Everything you need to know about extracurricular work placements

22 September 2022 | University life

What are extracurricular work placements?

Extracurricular work placements are those which students can do voluntarily, ones which the student undertakes because they want to and not because they have to, although these work placements usually have the same purpose as obligatory work placements.

It’s important to note that because these work placements are voluntary they cannot be validated for an elective subject, although mandatory curricular work placements can usually be validated depending on the specifications of the syllabus of the chosen degree.

Just because they aren’t mandatory doesn’t mean students should dismiss the possibility of doing an extracurricular work placement. They are a good opportunity for students to take on additional responsibility and show commitment to their area of study. To get started, the company where you are going to do your work placement has to come to an agreement with the university.

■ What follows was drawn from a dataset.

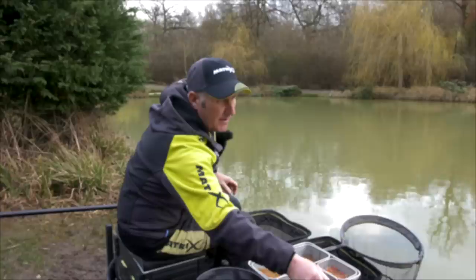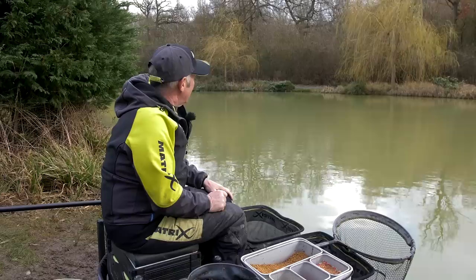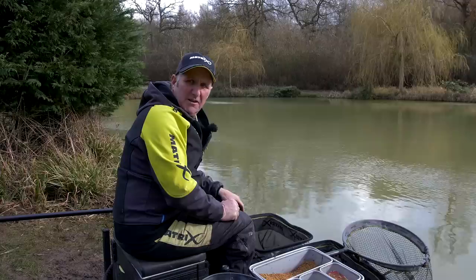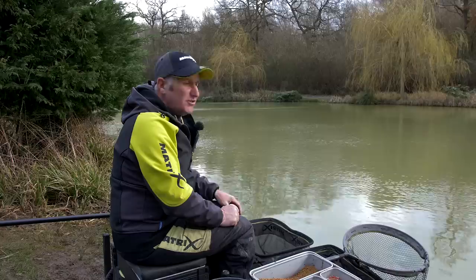As you know I've fished two lines - one with groundbait and dead maggot, and one with micros. The micro line with expander - I've seen an odd bubble there but nothing like the fish that are over the groundbait. It's been a hard session trying to catch fish. What I'm going to do is put groundbait now on that pellet line as well, mix it up a bit, so I've got two groundbait lines with dead maggot, just to see if any fish coming on there proves that they really want the groundbait.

Here’s some more information to clarify the difference between curricular and extracurricular work placements:

  • The second of these two options is voluntary. Extracurricular work placements don’t form part of the course syllabus, must be related to your degree to be able to be validated and the maximum grade that can be given for them is 5.9 out of 10. Moreover, we must stress that this type of work placement can be done during your summer holidays.
  • On the other hand, because this type of work placement is outside the mandatory curriculum, students who are going to undertake extracurricular work placements must register with the social security authorities. However, students doing curricular work placements are exempt from making social security contributions.
  • The objective of university work placements is to give the student their first experience and contact with the world of work, allowing them to apply the knowledge they are in the process of acquiring through their studies or have already acquired in earlier courses. Doing work placements also adds to a student’s CV which will help put them ahead of the competition when they finish their degree and apply for jobs.
  • Finally, when a student opts for an extracurricular work placement, both the company and the university are subject to the stipulations of an extracurricular work placement covenant, rather than a contract, to make sure everything is done within an exhaustive legal framework.

When can I do extracurricular work placements?

Extracurricular work placements can take place at the time which best suits the student as they are not mandatory and don’t have to be completed at a specified moment in the course. To decide when the work placement will take place, the company where you will do the placement has to come to an agreement with the university where you are studying. You can do a work placement at the same time as studying, or do the work placement during your summer holidays to be able to dedicate as much time to exams and coursework as you do later to your work placement.

How do I apply for extracurricular work placements?

Firstly, the company where you want to do your work placement must have the option available and places available for students to be able to apply.

In most cases this type of work placement, due to being outside of the obligatory curriculum, must be arranged by the student together with the work placement coordinator. In other words, it’s up to the student to look for work placements and find out whether the company has a covenant with the university or not as this could accelerate the process of arranging the placement. Once the student has found a placement they should speak to the work placement coordinator so they can take care of the necessary paperwork.

These voluntary work placements are often called internships. As we have already explained, these internships aim to give students who have finished or who are about to finish their studies the opportunity to apply the knowledge they have acquired during their studies in a work environment, as well as getting experience in the sector in which they have chosen to train.

These internships often involve financial remuneration in return for the work of the student and are a great opportunity to get some work experience.

In addition to bachelor’s degree work placements, which we have talked about throughout this post, we also need to mention master’s degree work placements and work placements for research and PhD students.

  • Master’s degree work placements: these take place after having obtained a bachelor’s degree and before beginning a PhD. All educational and specialized programmes include a work placement module and passing this is essential to be able to get the final qualification. Although, if the student decides not to do this module they will have to prove that they have a minimum of one year’s work experience which is related to the programme.
  • Research and doctorate work placements: these are designed for students who have got their master’s degree and want work experience to gain certain skills, abilities and knowledge to begin research which will later make it possible for them to access a doctorate programme. These work placements are often paid. Finally, we must stress that these work placements are offered by official bodies such as ministries, the public administration of each autonomous region of Spain, or by private organisations such as foundations, universities, etc.

At micampus we hope that this article answers any questions you may have about extracurricular work placements.